OSFI's new mortgage stress test is unnecessary and harmful—think tank

OSFI's new mortgage stress test is unnecessary and harmful—think tank

OSFI A new stress test for all uninsured mortgages is unnecessary and could increase costs for homebuyers, according to the latest report from the Fraser Institute.

Study author Neil Mohindra wrote the proposed stress test “will do more harm than good” by limiting access to mortgages for some homebuyers.

“The mandatory standard for stress testing could result in a less competitive and more concentrated mortgage market,” Mohindra stated, as quoted by The Canadian Press.

The study came amid news that the Office of the Superintendent of Financial Institutions is finalizing new lending guidelines.

Among the changes being considered is a requirement that homebuyers who have a down payment of 20% or more and do not require mortgage insurance still have to show they can make their payments if interest rates rise.

The head of OSFI has said that Canada’s banking regulator wants to reduce the risk of mortgage defaults because of high levels of household debt.

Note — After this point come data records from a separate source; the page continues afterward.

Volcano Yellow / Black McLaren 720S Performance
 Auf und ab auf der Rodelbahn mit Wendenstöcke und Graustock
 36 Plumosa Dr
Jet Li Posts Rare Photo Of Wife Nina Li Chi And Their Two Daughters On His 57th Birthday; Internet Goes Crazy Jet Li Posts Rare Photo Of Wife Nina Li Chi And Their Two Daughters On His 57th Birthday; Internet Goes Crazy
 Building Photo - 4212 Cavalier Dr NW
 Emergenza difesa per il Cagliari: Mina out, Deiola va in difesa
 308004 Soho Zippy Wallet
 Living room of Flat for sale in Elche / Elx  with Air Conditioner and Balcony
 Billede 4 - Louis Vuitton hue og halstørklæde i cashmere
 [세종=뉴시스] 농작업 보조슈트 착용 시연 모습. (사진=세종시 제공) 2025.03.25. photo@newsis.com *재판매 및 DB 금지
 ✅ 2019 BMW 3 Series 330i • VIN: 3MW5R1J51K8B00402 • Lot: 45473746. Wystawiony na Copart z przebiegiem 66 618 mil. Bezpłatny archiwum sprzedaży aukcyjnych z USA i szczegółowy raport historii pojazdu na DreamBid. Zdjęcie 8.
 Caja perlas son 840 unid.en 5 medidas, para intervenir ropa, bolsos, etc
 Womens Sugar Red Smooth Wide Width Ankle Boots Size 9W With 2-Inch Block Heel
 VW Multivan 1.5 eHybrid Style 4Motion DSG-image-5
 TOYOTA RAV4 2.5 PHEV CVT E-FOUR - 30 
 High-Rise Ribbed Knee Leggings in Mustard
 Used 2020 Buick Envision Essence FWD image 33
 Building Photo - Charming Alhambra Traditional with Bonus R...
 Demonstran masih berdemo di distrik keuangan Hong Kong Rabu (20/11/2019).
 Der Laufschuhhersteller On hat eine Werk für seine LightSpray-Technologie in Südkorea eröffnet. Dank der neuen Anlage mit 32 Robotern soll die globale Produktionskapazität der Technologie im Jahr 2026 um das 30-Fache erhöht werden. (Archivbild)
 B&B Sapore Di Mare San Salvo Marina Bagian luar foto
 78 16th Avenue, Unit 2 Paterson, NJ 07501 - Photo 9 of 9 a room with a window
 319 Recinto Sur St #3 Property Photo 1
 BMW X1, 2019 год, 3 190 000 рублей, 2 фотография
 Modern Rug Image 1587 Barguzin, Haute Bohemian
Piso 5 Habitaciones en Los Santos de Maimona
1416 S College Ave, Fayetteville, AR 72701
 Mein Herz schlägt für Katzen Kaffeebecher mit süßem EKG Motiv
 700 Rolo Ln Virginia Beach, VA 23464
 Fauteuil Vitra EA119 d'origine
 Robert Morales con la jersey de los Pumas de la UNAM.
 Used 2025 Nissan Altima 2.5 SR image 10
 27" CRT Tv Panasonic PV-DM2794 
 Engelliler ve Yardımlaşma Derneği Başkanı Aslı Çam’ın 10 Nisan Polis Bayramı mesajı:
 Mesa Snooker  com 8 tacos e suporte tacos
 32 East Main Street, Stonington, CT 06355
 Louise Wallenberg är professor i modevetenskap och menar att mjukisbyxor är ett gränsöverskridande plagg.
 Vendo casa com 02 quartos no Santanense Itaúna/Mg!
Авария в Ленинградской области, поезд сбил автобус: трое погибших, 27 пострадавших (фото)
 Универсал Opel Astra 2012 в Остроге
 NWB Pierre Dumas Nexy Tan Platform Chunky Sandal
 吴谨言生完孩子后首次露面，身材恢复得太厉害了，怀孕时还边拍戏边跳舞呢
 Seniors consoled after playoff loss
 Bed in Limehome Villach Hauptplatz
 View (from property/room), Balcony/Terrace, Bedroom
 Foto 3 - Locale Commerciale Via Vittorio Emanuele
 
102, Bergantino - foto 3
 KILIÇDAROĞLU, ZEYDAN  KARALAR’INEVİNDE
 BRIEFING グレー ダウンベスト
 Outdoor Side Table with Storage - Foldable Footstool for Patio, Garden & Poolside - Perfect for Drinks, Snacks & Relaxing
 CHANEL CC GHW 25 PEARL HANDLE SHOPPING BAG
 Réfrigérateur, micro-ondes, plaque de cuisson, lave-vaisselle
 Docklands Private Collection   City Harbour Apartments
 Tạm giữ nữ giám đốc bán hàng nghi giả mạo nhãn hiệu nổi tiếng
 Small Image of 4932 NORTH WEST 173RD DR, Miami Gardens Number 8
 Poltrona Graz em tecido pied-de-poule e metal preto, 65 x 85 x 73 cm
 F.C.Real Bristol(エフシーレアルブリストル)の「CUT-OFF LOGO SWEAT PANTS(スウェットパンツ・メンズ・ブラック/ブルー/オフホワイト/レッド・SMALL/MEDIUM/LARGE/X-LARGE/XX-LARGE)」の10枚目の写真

“We are not waiting to see those risks crystallize in rising arrears and defaults before we act,” OSFI head Jeremy Rudin said last week.

Canadian household debt compared with disposable income hit a record high in the second quarter. Statistics Canada reported last month that household credit market debt as a proportion of household disposable income increased to 167.8%, up from 166.6% in the first quarter.

However, Mohindra said that instead of a prescriptive test, OSFI could use its existing powers to fix what it believes are deficiencies in policies and procedures.

The Bank of Canada has raised its key interest rate target by a quarter of a percentage point twice this year.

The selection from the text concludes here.